Fourth, we are all on a journey. Motherhood is part of our identity as woman. We tend to compare. Feel less than. More than. Wrestle with guilt. We mess up and can’t forgive ourselves. Do I ever feel guilt? Yep, but I have come to recognize that guilt creeps in when I compare myself to others or when I am making choices I do not feel settled with. The first, comparing, is never good. The second? I know better and I know the solution. Do I ever mess up? Yep, we all do. A little grace for ourselves goes along way. Life is all about doing our absolute best and then accepting failures as part of life; learning from them and moving on.

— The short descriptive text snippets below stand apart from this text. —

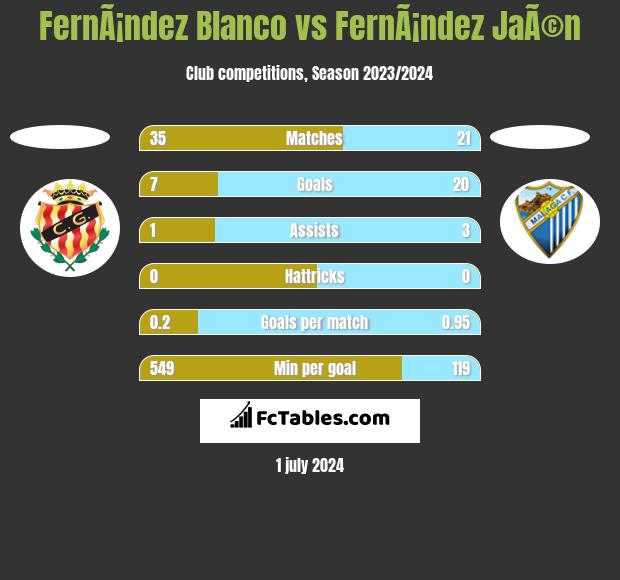 FernÃ¡ndez Blanco vs FernÃ¡ndez JaÃ©n h2h player stats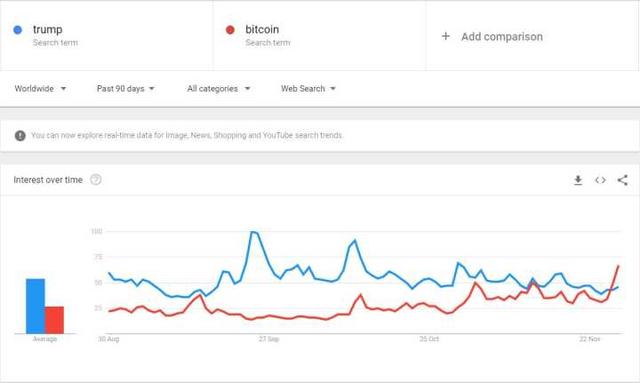 研究发现：Google搜索可以预测比特币价格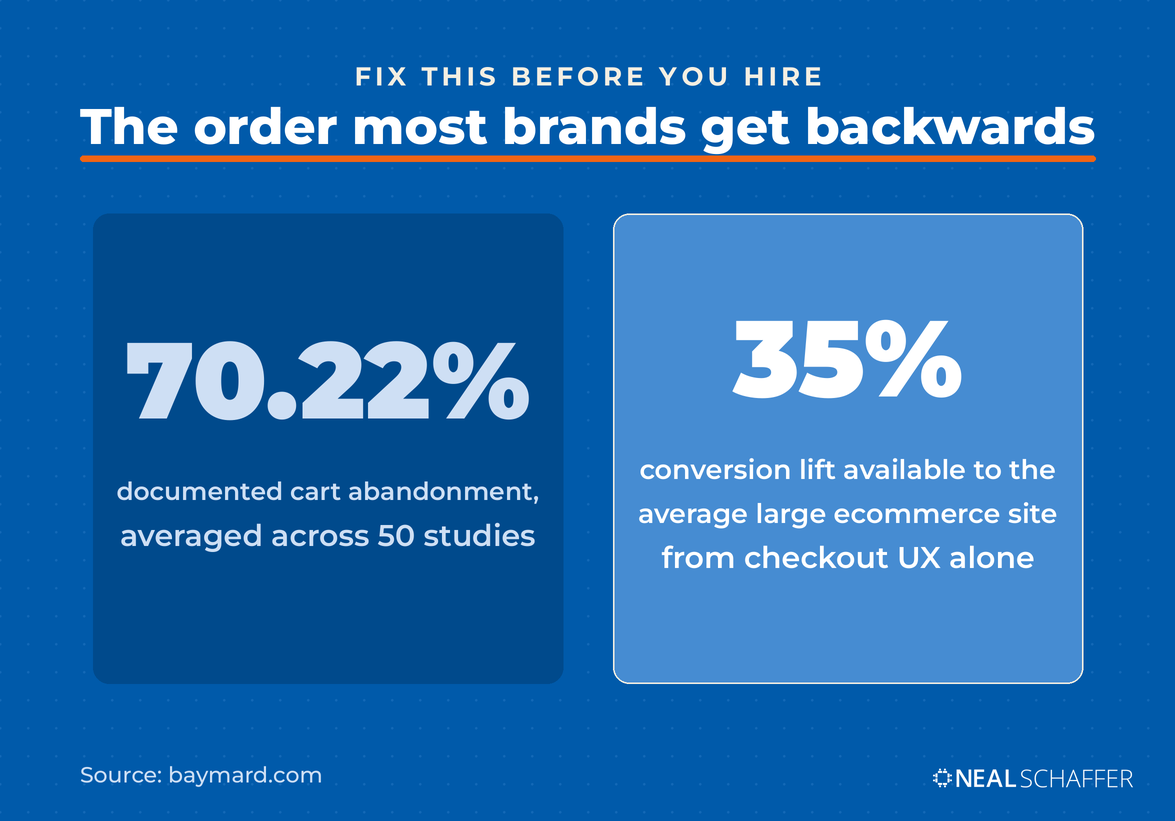 Two-panel statistic card pairing a 70.22% documented cart abandonment rate with the 35% conversion lift available to the average large ecommerce site from checkout UX alone.
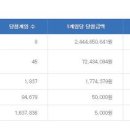럭키뱅크복권방 이미지
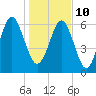 Hwy 170 bridge tide chart for Monday, January 10, 2022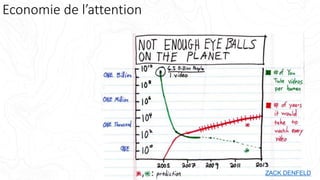 ZACK DENFELD
Economie de l’attention
 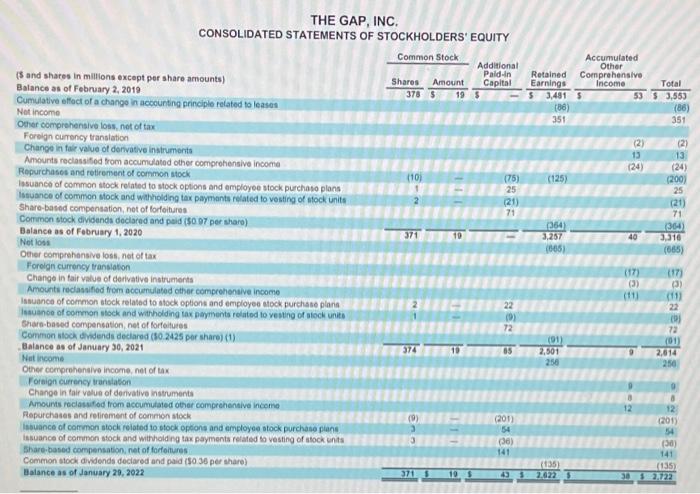 Statement of Operations (i.e. Income Statement) is on page 47. 1. After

Last, life has seasons. We know this…but do we allow them? When I first became a mother, I parented with techniques. Things I learned from books and what I thought I should be doing. In an attempt to be perfect (ha:), I tried my best to do everything by the book. As I walked the grueling process of asking myself what motherhood meant to me, I had to access part of my heart that I hadn’t before. Today I parent with my heart, intuition, and simple resolve that I, as their mother understand and know what my children need. I for sure, recognize I have a lot to learn and continue to seek parental advice. But my heart is my compass. In this, I am very aware that life is ever evolving. Shifting. Expanding. I no longer fight this and hold onto what feels comfortable and safe. I understand that holding loosely onto life and allowing it to evolve only benefits others and myself. I am having a baby girl in two months. Yep, that will again require me to redefine. But I am confident that I will know and God will meet me there.
- I don’t do it all. Taking care of myself is not a selfish privilege. It is a necessity that enables me to be the best woman I can be.
- We are created to be INTERDEPENDENT. Not dependent. Not independent. What a blessing to be surrounded by others that believe in me and have my back. We all have strengths….what a blessing to work alongside others that have strengths I do not have.
- We all are on a journey. Cliché? Maybe. But truth. Respect others and their journeys. Let’s walk our journey with confidence. Comparing is no good. Ever. It cripples, hinders, and is life sucking.
- Life is ever evolving. Heraclitus said, “The only thing that is constant is change.” Life has seasons. We cannot skip the steps along the way. They happen. Whether we want them to or not. Allow the seasons. Seek wisdom, growth, and direction…..and hold onto life loosely and allow it to evolve.
Do I write this from a perspective that you should go on a journey similar to mine? Absolutely not. The world is huge…I only know my small corner. My own journey. I feel quite humble in the fact that I might read this post in a year from now and chuckle at myself. Life has it’s way of throwing curve-balls and taking us through things we didn’t see coming. But you know what, that is okay. Today, I will do what I know, what I have peace with, keep my face up, smile, share, continue to seek, embrace, engage, and live with my heart. Life is short…wherever I am, whatever I am doing…I want be all in…settled, peaceful, and ready.